It is no secret that outdoorsy folks speak their own language. For example, climbing has some strangely sexual terms that can cause some sideways glances. Skiers and snowboarders use terms that sound as if they are making a drug deal. Mountaineers, bounce between French and German, just to keep things spicy. Join the conversation with these mountain slang terms.

Sticks.

Noun. An ice climbing term referring to that sweet, sweet feeling of nailing your ice tool in just the right spot to get a good hold.

Example: The ice is a little melty now and I am getting awesome sticks!

Ice climbing slang

Getting some rad sticks!

Bomber

Adjective. A climbing and mountaineering term referring to good, quality rock. Bomber or bomber proof means that the rock is stable and excellent for climbing.

Example: You are going to love that route; the rock is totally bomber!

Dude Soup

Noun or adjective.

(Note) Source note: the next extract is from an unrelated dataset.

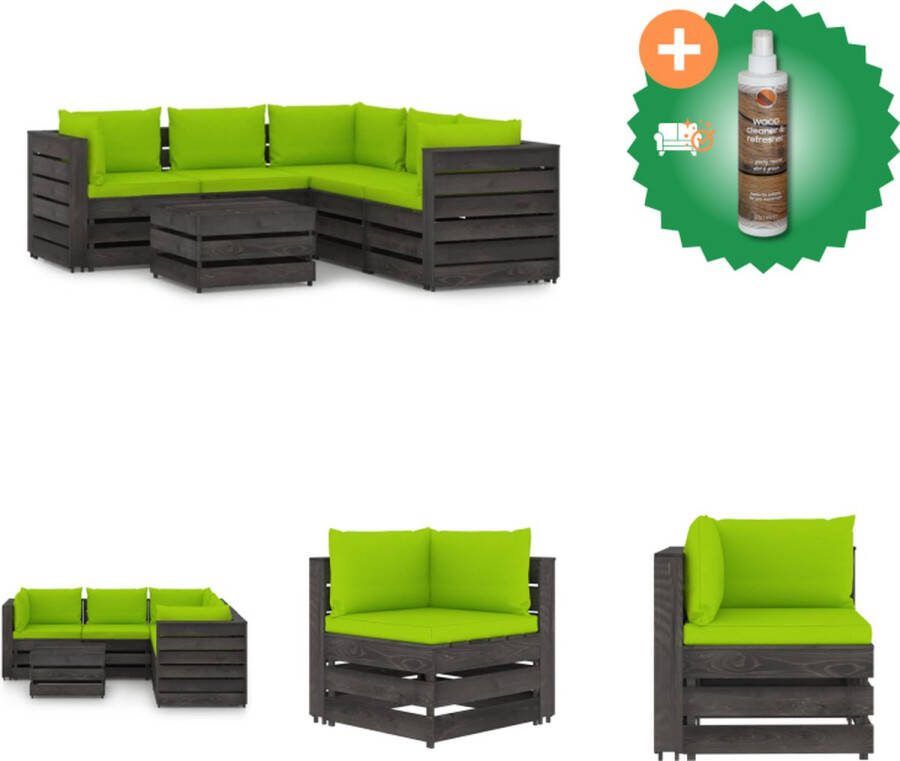 VidaXL Pallet Loungeset Grenenhout Hoekbank 69x70x66cm Middenbank 60x70x66cm Tafel Voetenbank 60x62x37cm Houdgroen kussen Tuinset Inclusief Houtreiniger en verfrisser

All sports. Describes a situation where you look around, and you’re surrounded by dudes, swimming in their dudeness, talking about dude things. Most likely it smells of fart and there is simply too much chest hair to manage.

Example: I went ski touring the other day and it was total dude soup!

Coulie

Noun. Sport: Mountaineering or alpine touring. Short for couloir. A feature on a mountain that is like a funnel. Usually sided by two steep walls on either side. They fill with snow in the winter and are climbing and alpine touring features.

Example: Let’s ski that coulie once the avalanche conditions improve.

Stoke, Stoked

Noun or Adjective. All sports. When the adrenaline is pumping, spirits are soaring, and you are having a fabulous time.

Example: My stoke level for this coulie climb is so high!

Mountain terms

Pretty stoked to be scrambling this bomber rock!

Fresh, Freshies, Freshy Fresh

Noun. Sport: Ski and Snowboarding. Refers to skiing or riding a new line of powder. Laying down fresh tracks in the newly fallen snow. Essentially, it is heaven on earth.

Example: I went out and skied endless freshies all day.

Dawn Patrol

Noun. Mostly used in the backcountry ski world. Another term for an alpine start. Refers to when you are up before dawn and well on your way to your destination as the sun rises.

Example: Hey, do you want to go on dawn patrol and run a few laps in the backcountry before work tomorrow?

Pro

Noun. Used in climbing and mountaineering. Short for protection. Pro is the gear that forms any anchor such as a nut, ice screw, picket, or camming device. Pro is used during a climb to minimize the consequences of a fall.

Example: What pro will I need for that climbing route?

Wag Bag

Noun. All sports. The bag that holds your human waste in the high-alpine, on a rock wall, or other sensitive environments. A wag bag contains a special gel or powder that absorbs moisture and stink. You then pack your bag out when you leave the wilderness.

Example: Oh no! I’m on my last wag bag.

Jugs

Noun. Climbing. Refers to big, meaty holds you can really sink your hands into.

Example: Aw man, that jug was a godsend after all of those crimpers!

rock climbing slang terms

You can hang forever on those jugs!

Bonk, Bonking

Verb. Mostly mountaineering, but applicable to all sports. Refers to utter exhaustion, fits of anger, mutterings, and general upset about moving for far too long. Usually followed by a much-needed break.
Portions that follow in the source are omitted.